Published on January 27th, 2010 |
by Mark Chesnut
Rat Race: My Quest to Eat a Rodent in Guatemala
The first time I visited Guatemala City with my partner Angel, a taxi driver recommended that we try a local dish called tepesquintle at a restaurant just behind the governmental palace. He didn’t tell us exactly what kind of meat it was, but we tried it, and it was delicious.
After two days of asking every local we met exactly what we had eaten (“it’s like a rabbit,” said one person; “it’s like a raccoon,” said another; “it’s like a dog,” said the third), I finally looked it up online and found out that it was a giant rat. Not the kind you’d see in the garbage dump, mind you, but a giant rodent called the “royal rat” in English. The species is raised on farms, just like a pig or a cow, specifically to eat. And it tastes good. So I decided that it would be a great idea, since I’m now blogging about everything when I travel, to further document this offbeat dinner option during my visit to the beautiful historic town called Antigua Guatemala this week.
Apparently, it’s going to be harder than I thought. “I don’t think there are any restaurants in Antigua that serve tepesquintle,” says the driver who picks me up at the airport, adding that he’d never eaten it, and wouldn’t want to.
“Ohhhh, I don’t think you can get that anywhere in Antigua,” concurs a waitress at a café next to the town square.
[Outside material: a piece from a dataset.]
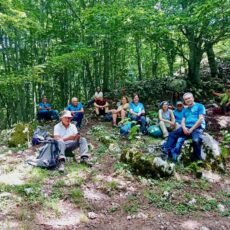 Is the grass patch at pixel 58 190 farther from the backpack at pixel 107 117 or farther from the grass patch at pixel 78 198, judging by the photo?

She makes a face. “I’ve never even tried it.”
The concierge at La Posada del Angel, the wonderful boutique hotel where I’m staying, is a bit more helpful (and sophisticated enough not to make a face when I ask). He points me in the direction of a nearby hotel’s dining room, which turns out to be closed, and then to a small restaurant, La Fonda de la Calle Real, although I find two eateries with that same name. At one, the maitre d’ says that they would only prepare tepesquintle on special order, and with advance notice. At the next, the waitress and two cooks confer intently before giving me their response. “You can’t get tepesquintle in Antigua,” the waitress says, decidedly. “Chinese food, Italian food, typical Guatemalan food, yes. But not that.”
Hungry and tired from clopping along the rough cobblestone streets all day, I give up and resign myself to a chicken sandwich combo meal at Pollo Campero, a Guatemalan fast-food chain, where the rooster mascot shrugs his shoulders and smiles at me from my drink cup, as if to say, “Oh well, tomorrow’s another day!”